Start at the line with "Чехол iPhone 11" in the records below, stop at the line with "Invitation Nature musicale/", and return every line in that span exactly, the two end lines included.

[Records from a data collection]
[Start of Attachment]
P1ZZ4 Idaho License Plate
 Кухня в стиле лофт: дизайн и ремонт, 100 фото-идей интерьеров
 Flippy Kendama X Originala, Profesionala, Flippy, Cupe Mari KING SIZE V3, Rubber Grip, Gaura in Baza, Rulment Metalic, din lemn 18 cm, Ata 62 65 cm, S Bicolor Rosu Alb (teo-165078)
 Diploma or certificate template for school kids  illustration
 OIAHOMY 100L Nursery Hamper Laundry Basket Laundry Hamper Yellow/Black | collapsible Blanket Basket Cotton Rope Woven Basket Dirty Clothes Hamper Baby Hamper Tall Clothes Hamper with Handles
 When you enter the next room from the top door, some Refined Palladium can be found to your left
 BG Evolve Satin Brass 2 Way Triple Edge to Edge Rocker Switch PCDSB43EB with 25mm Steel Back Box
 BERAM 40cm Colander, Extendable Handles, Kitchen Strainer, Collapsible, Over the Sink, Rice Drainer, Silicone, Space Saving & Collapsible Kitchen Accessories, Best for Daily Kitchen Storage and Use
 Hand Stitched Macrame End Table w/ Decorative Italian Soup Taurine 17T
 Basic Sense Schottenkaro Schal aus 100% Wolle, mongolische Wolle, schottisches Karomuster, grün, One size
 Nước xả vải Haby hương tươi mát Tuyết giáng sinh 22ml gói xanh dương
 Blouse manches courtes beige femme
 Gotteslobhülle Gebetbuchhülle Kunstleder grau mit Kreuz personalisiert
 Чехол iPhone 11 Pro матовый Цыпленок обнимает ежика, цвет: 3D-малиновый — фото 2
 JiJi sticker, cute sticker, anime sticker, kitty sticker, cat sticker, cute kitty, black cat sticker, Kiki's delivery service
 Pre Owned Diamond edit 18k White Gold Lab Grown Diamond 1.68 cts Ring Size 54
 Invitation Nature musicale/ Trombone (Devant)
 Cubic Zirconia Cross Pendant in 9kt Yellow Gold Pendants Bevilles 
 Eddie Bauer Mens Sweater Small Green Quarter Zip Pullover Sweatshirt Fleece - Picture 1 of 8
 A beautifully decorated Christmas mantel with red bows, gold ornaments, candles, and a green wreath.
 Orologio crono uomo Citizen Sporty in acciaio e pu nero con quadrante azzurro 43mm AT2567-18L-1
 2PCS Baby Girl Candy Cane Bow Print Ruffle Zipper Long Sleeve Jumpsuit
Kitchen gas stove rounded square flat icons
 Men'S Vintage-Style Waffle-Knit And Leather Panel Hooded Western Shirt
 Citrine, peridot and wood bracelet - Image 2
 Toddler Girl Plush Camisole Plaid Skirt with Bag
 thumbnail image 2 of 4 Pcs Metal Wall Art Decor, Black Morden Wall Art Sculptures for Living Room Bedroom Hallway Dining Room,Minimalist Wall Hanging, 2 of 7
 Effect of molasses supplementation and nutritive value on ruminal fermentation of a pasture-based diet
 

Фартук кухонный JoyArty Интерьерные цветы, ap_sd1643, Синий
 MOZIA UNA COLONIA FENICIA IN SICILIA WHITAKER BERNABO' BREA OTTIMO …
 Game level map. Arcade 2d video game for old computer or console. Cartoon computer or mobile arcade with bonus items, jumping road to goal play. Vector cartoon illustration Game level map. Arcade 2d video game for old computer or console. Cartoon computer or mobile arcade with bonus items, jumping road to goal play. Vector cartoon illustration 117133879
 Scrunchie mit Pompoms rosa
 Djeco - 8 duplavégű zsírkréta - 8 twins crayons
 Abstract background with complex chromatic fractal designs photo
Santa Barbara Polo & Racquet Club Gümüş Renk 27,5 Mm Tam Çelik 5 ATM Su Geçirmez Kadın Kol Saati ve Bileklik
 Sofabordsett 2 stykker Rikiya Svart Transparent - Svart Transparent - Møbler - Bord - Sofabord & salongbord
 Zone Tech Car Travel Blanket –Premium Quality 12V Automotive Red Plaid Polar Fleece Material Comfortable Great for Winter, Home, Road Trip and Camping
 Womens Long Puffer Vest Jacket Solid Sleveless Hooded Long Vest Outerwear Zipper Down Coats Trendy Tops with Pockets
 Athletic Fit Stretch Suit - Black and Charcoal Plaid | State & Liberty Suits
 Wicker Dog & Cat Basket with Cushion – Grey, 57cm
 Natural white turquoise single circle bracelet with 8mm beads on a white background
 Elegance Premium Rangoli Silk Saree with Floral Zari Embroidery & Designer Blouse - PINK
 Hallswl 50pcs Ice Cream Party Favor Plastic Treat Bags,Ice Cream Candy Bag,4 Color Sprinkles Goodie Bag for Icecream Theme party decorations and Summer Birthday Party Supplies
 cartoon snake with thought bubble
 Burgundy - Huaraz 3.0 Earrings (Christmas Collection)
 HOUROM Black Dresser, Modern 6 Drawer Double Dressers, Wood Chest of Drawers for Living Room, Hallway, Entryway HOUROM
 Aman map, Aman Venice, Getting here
[End of Attachment]
**RESPONSE AREA:**
 Чехол iPhone 11 Pro матовый Цыпленок обнимает ежика, цвет: 3D-малиновый — фото 2
 JiJi sticker, cute sticker, anime sticker, kitty sticker, cat sticker, cute kitty, black cat sticker, Kiki's delivery service
 Pre Owned Diamond edit 18k White Gold Lab Grown Diamond 1.68 cts Ring Size 54
 Invitation Nature musicale/ Trombone (Devant)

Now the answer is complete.